General UNIHIKER

How to use Azure Speech Recognition and Speech Synthesis

userHead nick.qq2023 2023-09-07 10:22:44 302 Views0 Replies

Official website link: https://azure.microsoft.com/en-us

Step 1: Account Login

Login with GitHub account

Login with email address

Login with phone or Skype

Click Next to complete the login

Step 2 Create resources

Step 3 Set parameters

Basics create

Subscription-> Default selection

Resource group-> Create a new resource group

Regin-> Select according to your region

Create a new project name

Pricing tier-> Depending on your choice of pricing

Then select Next.

Network selection

Then select Next.

Identity selection

Open or close according to your needs

Then select Next.

Tags choice

Default empty

Then select Next

Review + create

Review + Create

Then select Create.

Creation complete

Click on GO to resource

Get the key and Location/Region

Click the arrow to get the key and Location/Region

The Unihiker uses Azure services

Installation:

pip install azure.cognitiveservices.speech`

Usage example (code):

import time
import os
from azure.cognitiveservices.speech import  SpeechConfig

AZURE_SPEECH_KEY = "" # Fill key 
AZURE_SPEECH_REGION = "" # Enter Location/Region 


try:
    import azure.cognitiveservices.speech as speechsdk 
except ImportError:
    print("""
    Importing the Speech SDK for Python failed.
    Refer to
    https://docs.microsoft.com/azure/cognitive-services/speech-service/quickstart-python for
    installation instructions.
    """)
    import sys
    sys.exit(1)

# Set up the subscription info for the Speech Service:
# Replace with your own subscription key and service region (e.g., "japaneast").
speech_key, service_region = AZURE_SPEECH_KEY, AZURE_SPEECH_REGION

def tts(text):
    speech_config = SpeechConfig(subscription=speech_key, region=service_region)
    speech_config.speech_synthesis_language = "en-US" 
    speech_config.speech_synthesis_voice_name ="en-US-JennyNeural"
    # Creates a speech synthesizer for the specified language,
    # using the default speaker as audio output.
    speech_synthesizer = speechsdk.SpeechSynthesizer(speech_config=speech_config)
    # Receives a text from console input and synthesizes it to speaker.
    result = speech_synthesizer.speak_text_async(text).get()

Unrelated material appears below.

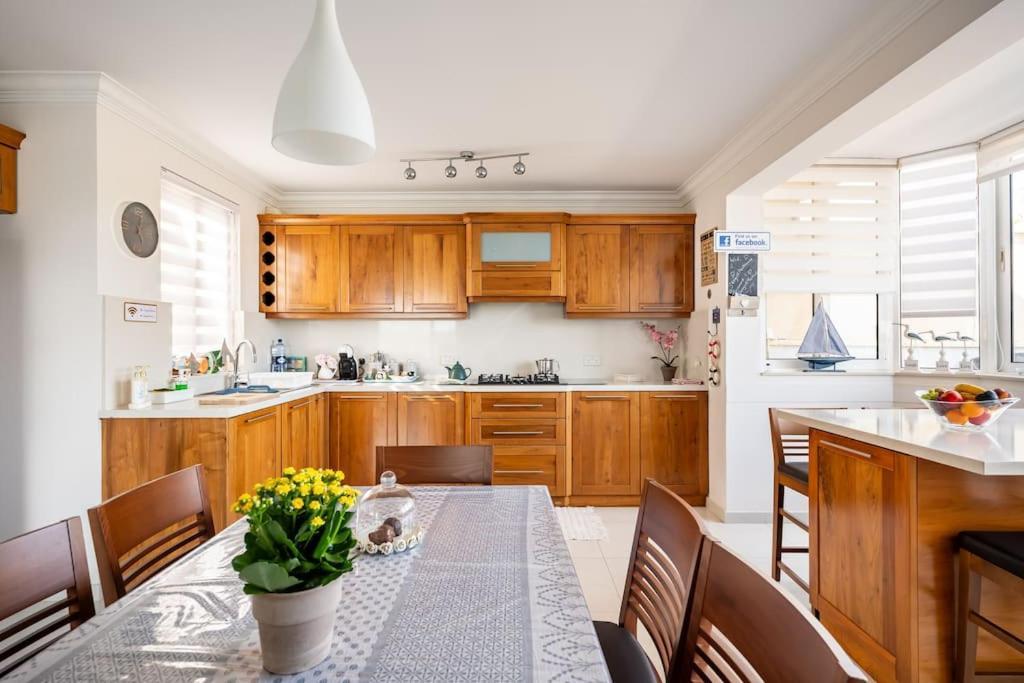 Seagull Penthouse Marsaxlokk Apartment Exterior photo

def speech_recognize_once_from_mic():

    speech_config = speechsdk.SpeechConfig(subscription=speech_key, region=service_region, speech_recognition_language="en-US")

    audio_config = speechsdk.audio.AudioConfig(use_default_microphone=True)
    speech_recognizer = speechsdk.SpeechRecognizer(speech_config=speech_config, audio_config=audio_config)

    print("Speak into your microphone.")
    speech_recognition_result = speech_recognizer.recognize_once_async().get()

    if speech_recognition_result.reason == speechsdk.ResultReason.RecognizedSpeech:
        print("Recognized: {}".format(speech_recognition_result.text))
    elif speech_recognition_result.reason == speechsdk.ResultReason.NoMatch:
        print("No speech could be recognized: {}".format(speech_recognition_result.no_match_details))
    elif speech_recognition_result.reason == speechsdk.ResultReason.Canceled:
        cancellation_details = speech_recognition_result.cancellation_details
        print("Speech Recognition canceled: {}".format(cancellation_details.reason))
        if cancellation_details.reason == speechsdk.CancellationReason.Error:
            print("Error details: {}".format(cancellation_details.error_details))
            print("Did you set the speech resource key and region values?")

    tts(speech_recognition_result.text)

while True:
    speech_recognize_once_from_mic()